Keraton Surakarta Hadiningrat saat ini menghadapi tantangan dalam kepemimpinan seiring dengan adanya dua klaim takhta yang saling bertentangan. Keduanya merasa berhak menyandang gelar Pakubuwono XIV setelah kematian Pakubuwono XIII, yang memiliki peranan penting dalam sejarah kerajaan tersebut.
Pada tanggal 15 November lalu, Kanjeng Gusti Pangeran Adipati Anom (KGPAA) Hamangkunegoro Sudibyo Rajaputra Narendra Mataram, yang lebih dikenal sebagai Gusti Purbaya, dilantik dalam sebuah upacara bersejarah sebagai Pakubuwono XIV. Upacara tersebut menandai dimulainya era kepemimpinan baru, meski tidak tanpa pro dan kontra.
Gusti Purbaya diangkat dalam sebuah ritual yang dikenal sebagai Jumenengan Dalem Nata Binayangkare, di mana ia mengucapkan sumpah jabatannya di lokasi yang sakral. Upacara ini mencerminkan tradisi kuat yang terus dipertahankan selama berabad-abad.
Dinamika Keraton Surakarta dan Dua Klaim Takhta
Situasi dualisme di Keraton Surakarta mengingatkan pada peristiwa serupa yang terjadi dua dekade lalu, saat dua pihak mengklaim sebagai penerus takhta. Banyak yang mengkhawatirkan konflik akan memengaruhi stabilitas internal keraton dan berpotensi mengganggu harmoni keluarga. Gereja, komunitas, dan para pengamat menantikan bagaimana situasi ini akan berkembang.
Proses pengesahan Gusti Purbaya sebagai raja tidak hanya menjadi sorotan karena gelarnya, tetapi juga menyoroti seberapa besar dampak adat dan budaya terhadap kepemimpinan. Banyak yang berharap, meski ada perpecahan, raja baru bisa menyatukan kembali elemen-elemen di dalam keraton.
Namun, klaim yang diajukan oleh KGPH Mangkubumi, yang merupakan saudara dari Gusti Purbaya, menambah kompleksitas. Mangkubumi mengklaim sebagai pewaris sah berdasarkan tradisi keluarga kerajaan yang selama ini diakui. Ini menyiratkan adanya perluasan perdebatan yang tidak hanya mengenai gelar, tetapi juga legitimasi tradisi dan syarat suksesi.

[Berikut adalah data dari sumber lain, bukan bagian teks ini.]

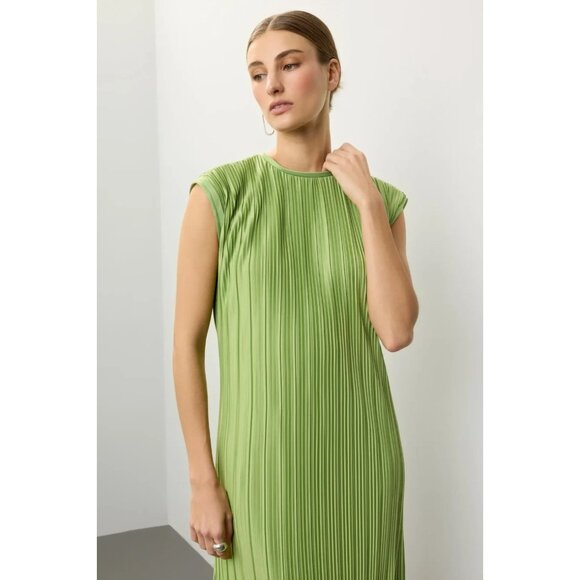 Atlein Plissé Pleated Midi Dress – Women’s Size S - Picture 2 of 16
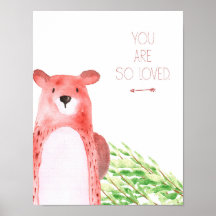 水彩森林動物の幼児向けアート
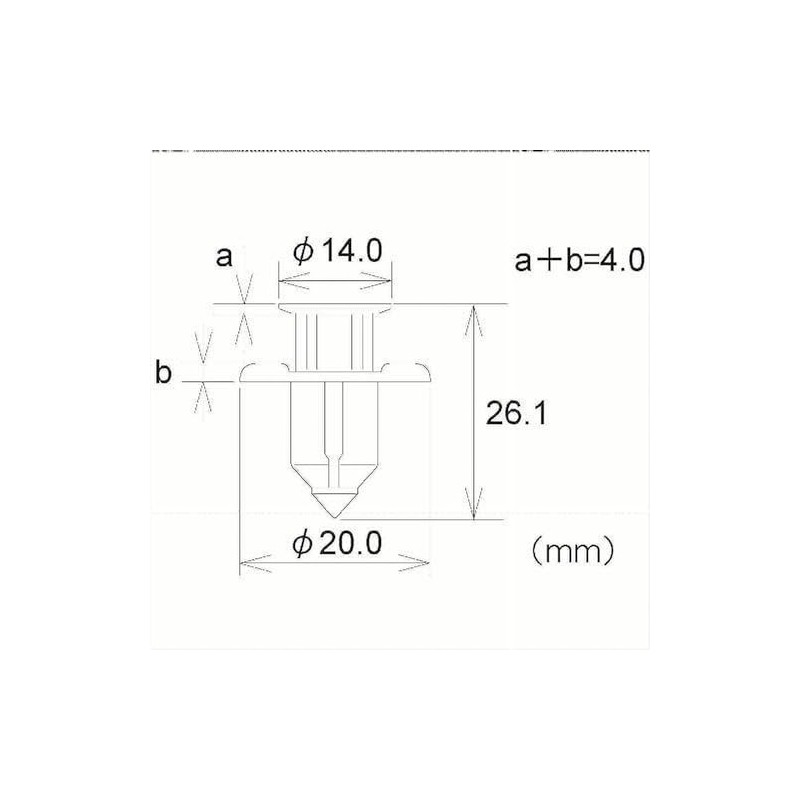 Fujix Push-Pull Rivets Pack of 2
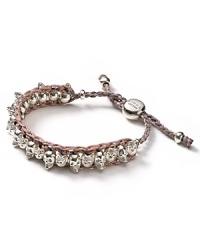 A total bestie. Links of London's gives the classic friendship bracelet an edgy upgrade with the addition of hard-hitting silver skulls. Single or stacked, it's a style-setter staple. A total bestie. Links of London's gives the classic friendship bracelet an edgy upgrade with the addition of hard-hitting silver skulls. Single or stacked, it's a style-setter staple.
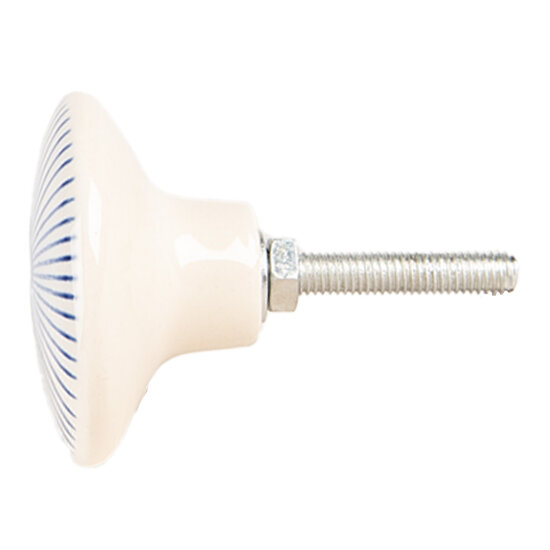 Clayre &amp; Eef   | Deurknop Beige Blauw &oslash; 4x3 cm / S3 cm | 66280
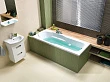 Акриловая ванна Cersanit Santana 160x70 см, ультра белый - превью 2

Proses Pengukuhan dan Janji Seorang Raja
Dalam upacara pelantikan, Gusti Purbaya menyampaikan tiga janji utama. Pertama, ia berkomitmen untuk memimpin berdasarkan syariat Islam dan hukum adat yang berlaku di Keraton Surakarta. Ini menunjukkan keinginan untuk memadukan tradisi yang ada dengan nilai-nilai yang lebih modern dan relevan. Keduanya diharapkan saling mengisi dalam kepemimpinannya.
Janji kedua yang diucapkan melibatkan dukungan penuh terhadap Negara Kesatuan Republik Indonesia. Hal ini menegaskan kedudukan dan tanggung jawab keraton dalam konteks negara saat ini, yang menuntut semua elemen untuk bersatu demi kepentingan lebih besar.
Selain itu, Gusti Purbaya berikrar untuk melestarikan tradisi dan budaya Jawa warisan nenek moyang. Ini menjadi tantangan tersendiri di zaman yang serba modern, di mana pengaruh luar sering kali mendominasi budaya lokal.
Peran Tradisi dan Adat dalam Suksesi
Tradisi di dalam keraton sangat dipengaruhi oleh hubungan darah dan pengakuan di antara anggota keluarga. Ini membuat posisi dalam keraton sering kali dipandang dari sudut pandang yang lebih luas, bukan hanya berdasarkan kemampuan individu. Mangkubumi berusaha menyoroti hal tersebut ketika mengklaim haknya sebagai raja.
Pertemuan yang diadakan di Sasana Handrawina menjadi momen penting, di mana Mangkubumi dinobatkan sebagai calon raja. Keputusan ini tidak hanya melibatkan anggota keluarga, tetapi juga memperhitungkan suara dari adik-adik Pakubuwono XIII, yang merasakan ketidakadilan dalam proses suksesi ini.
Dengan adanya dua klaim takhta ini, banyak pihak berharap agar keraton dapat menemukan jalan tengah yang mampu memulihkan keharmonisan. Keduanya perlu merelakan ego demi masa depan yang lebih stabil bagi Keraton Surakarta.